*** Extracted information ***

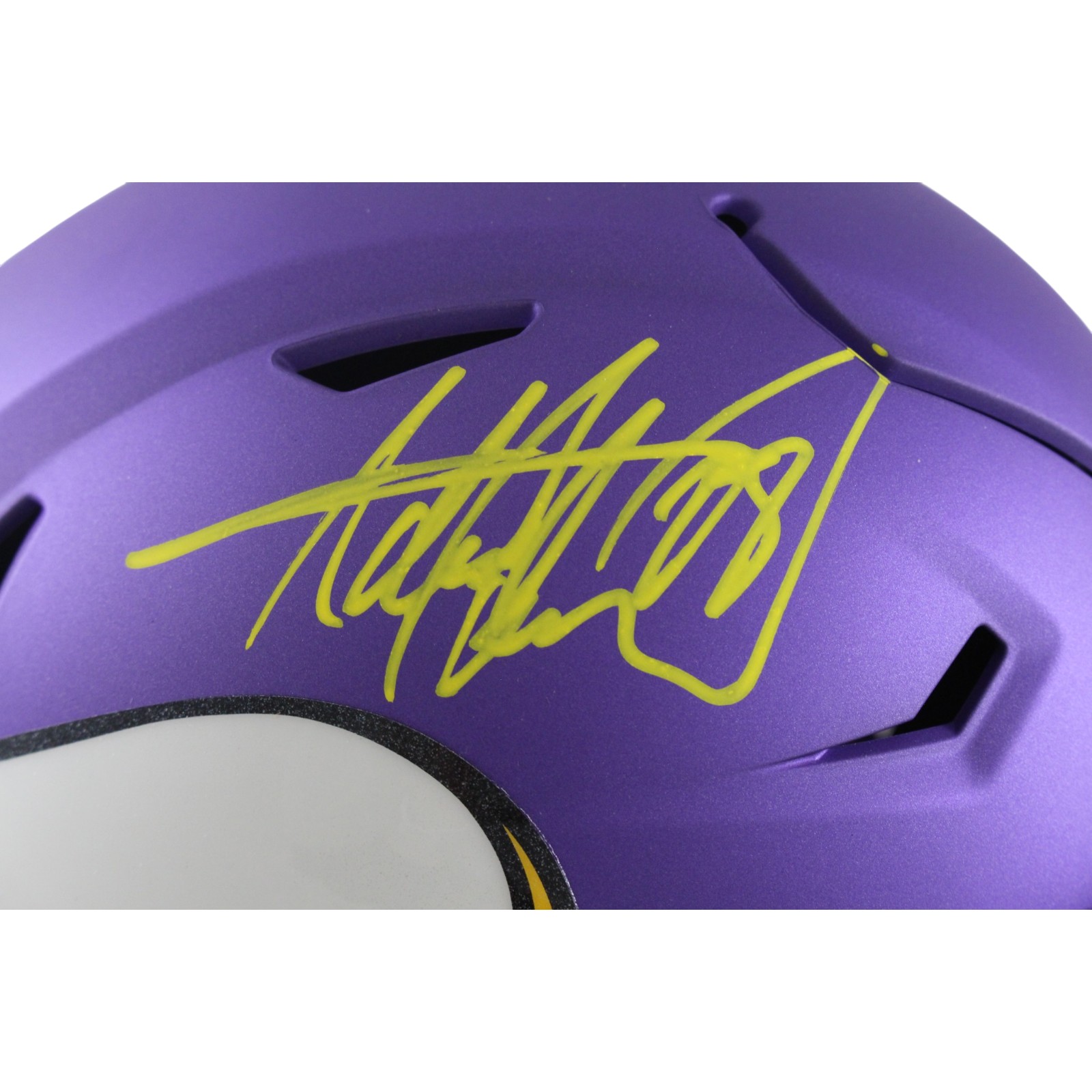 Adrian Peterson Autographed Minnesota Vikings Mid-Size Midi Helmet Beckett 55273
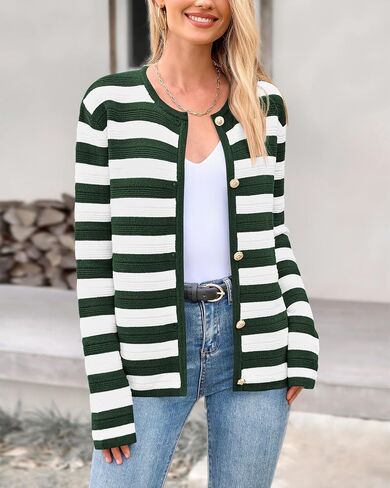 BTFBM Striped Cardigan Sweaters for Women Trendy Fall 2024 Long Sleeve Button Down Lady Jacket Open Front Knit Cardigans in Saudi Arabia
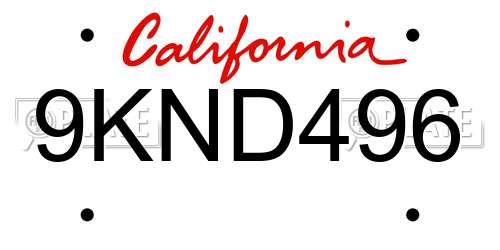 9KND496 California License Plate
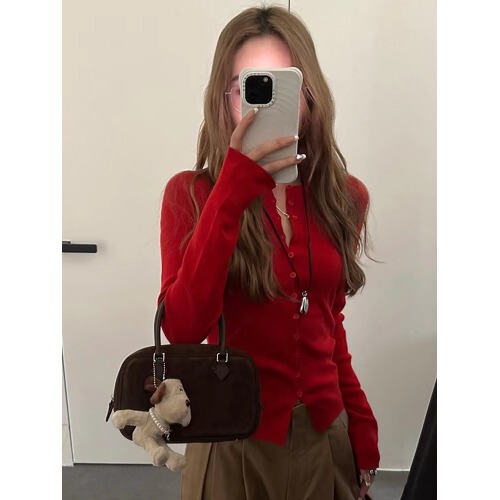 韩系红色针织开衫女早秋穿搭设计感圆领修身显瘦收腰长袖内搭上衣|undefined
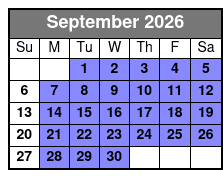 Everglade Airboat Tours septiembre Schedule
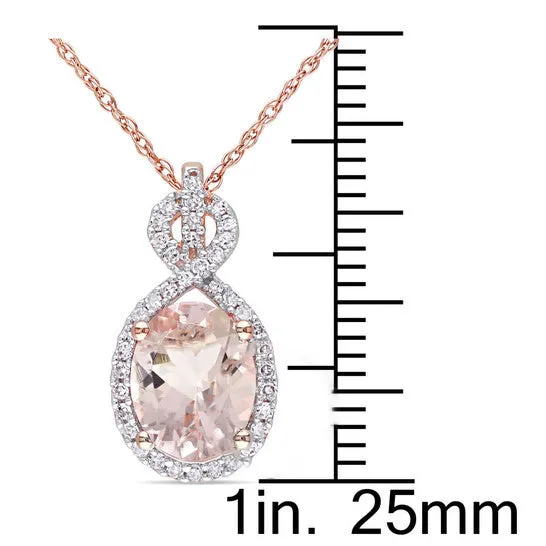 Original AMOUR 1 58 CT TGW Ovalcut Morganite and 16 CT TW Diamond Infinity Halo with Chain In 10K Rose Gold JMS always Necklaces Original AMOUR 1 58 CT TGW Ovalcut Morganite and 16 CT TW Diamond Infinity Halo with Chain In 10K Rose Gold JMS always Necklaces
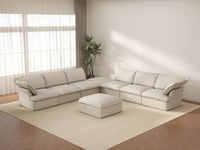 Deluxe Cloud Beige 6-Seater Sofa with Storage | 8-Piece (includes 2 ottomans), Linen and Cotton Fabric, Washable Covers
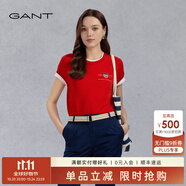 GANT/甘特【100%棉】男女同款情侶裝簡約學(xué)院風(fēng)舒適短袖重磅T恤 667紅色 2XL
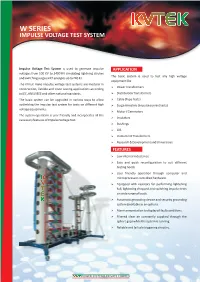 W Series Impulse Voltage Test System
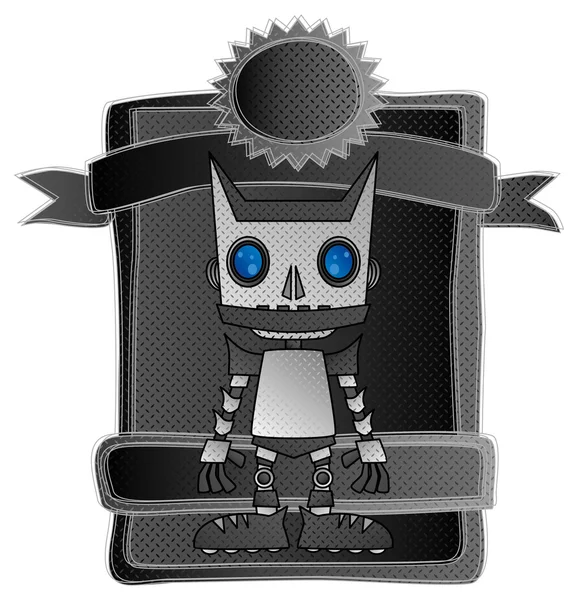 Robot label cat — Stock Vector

***

Work task — Leave out the pictures and repeat exactly the lines from the start of the material through the line that contains "Everglade Airboat Tours septiembre Schedule", both included.

Solution to this task —
 Adrian Peterson Autographed Minnesota Vikings Mid-Size Midi Helmet Beckett 55273
 BTFBM Striped Cardigan Sweaters for Women Trendy Fall 2024 Long Sleeve Button Down Lady Jacket Open Front Knit Cardigans in Saudi Arabia
 9KND496 California License Plate
 韩系红色针织开衫女早秋穿搭设计感圆领修身显瘦收腰长袖内搭上衣|undefined
 Everglade Airboat Tours septiembre Schedule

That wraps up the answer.